The authors first focus on the existence‑of‑an‑answer‑set (EAS) problem for P(Δ). They prove a trichotomy theorem: depending on the shape of Δ, the EAS problem for P(Δ) is either (i) P‑complete, (ii) NP‑complete, or (iii) Σ₂^P‑complete. Roughly, if the head arity is bounded by 1 and the body arity is bounded by a constant, the problem lies in P; if the head arity may be 2 or more while the body remains bounded, the problem jumps to NP; and if both head and body arities are unrestricted (or only loosely bounded), the problem reaches the second level of the polynomial hierarchy (Σ₂^P). The proof relies on reductions from canonical complete problems and on constructing appropriate normal forms for DLPs.
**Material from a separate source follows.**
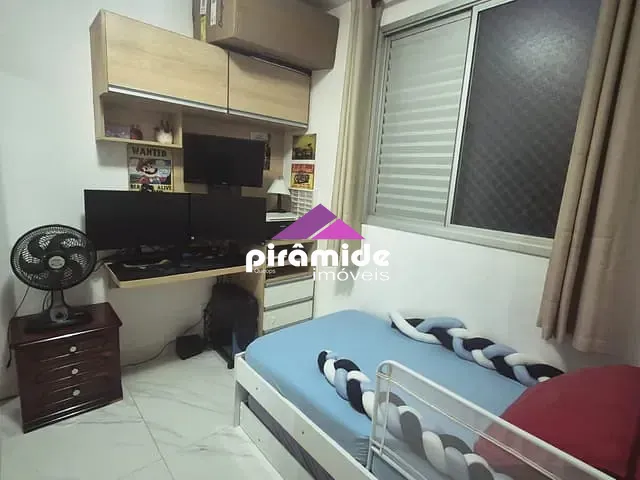Apartamento com 48m² 2 quartos e 1 banheiro, à venda, no bairro Jardim Terras do Sul em São José dos Campos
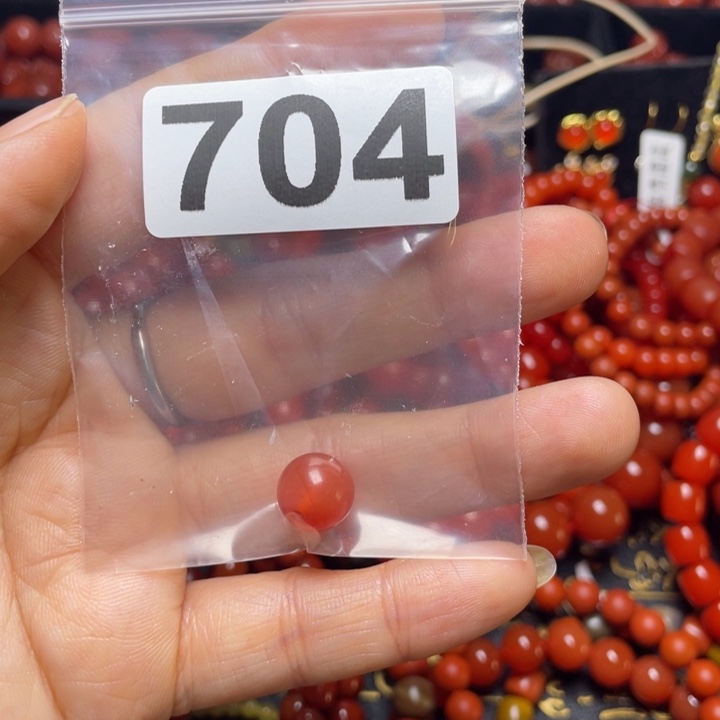 玛瑙/玉髓手链未镶嵌嗯*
Next, the paper extends the analysis to skeptical and credulous reasoning. Skeptical reasoning asks whether a given literal holds in all answer sets, while credulous reasoning asks whether it holds in some answer set. Using the same arity classification, the authors derive a dichotomy for each reasoning mode: for Δ in the P‑complete region, both skeptical and credulous reasoning are P‑complete; for Δ in the NP‑complete region, skeptical reasoning becomes coNP‑complete and credulous reasoning remains NP‑complete; for Δ in the Σ₂^P‑complete region, skeptical reasoning is Π₂^P‑complete and credulous reasoning is Σ₂^P‑complete. These results precisely locate the increase in difficulty caused by allowing more expressive rule heads or larger bodies.

The study also covers the supported‑model semantics, which is weaker than the answer‑set semantics but still widely used. The authors show that the same trichotomy applies: the existence of a supported model for P(Δ) is P‑complete, NP‑complete, or Σ₂^P‑complete according to Δ, and the corresponding skeptical/credulous reasoning complexities follow the same pattern as for answer sets.

Beyond the formal theorems, the paper discusses practical implications. By selecting an arity schema Δ that falls into the “easy” (P) region, a system designer can guarantee polynomial‑time reasoning, which is valuable for applications requiring fast, predictable performance. Conversely, if a problem inherently needs disjunctions with large heads or unrestricted bodies, the analysis warns that the reasoning task will likely be intractable (NP‑ or Σ₂^P‑hard), suggesting the need for approximation, heuristics, or restricted modeling. The finite representation of infinite Δ also enables automated tools to check whether a given program belongs to a tractable class.

In summary, the work provides a clean, arity‑based taxonomy of DLP reasoning complexities, delivering both a theoretical foundation (trichotomy and dichotomy theorems) and actionable guidance for developers of logic‑programming systems. It clarifies exactly which syntactic features drive computational hardness and identifies large families of programs where reasoning remains efficiently solvable.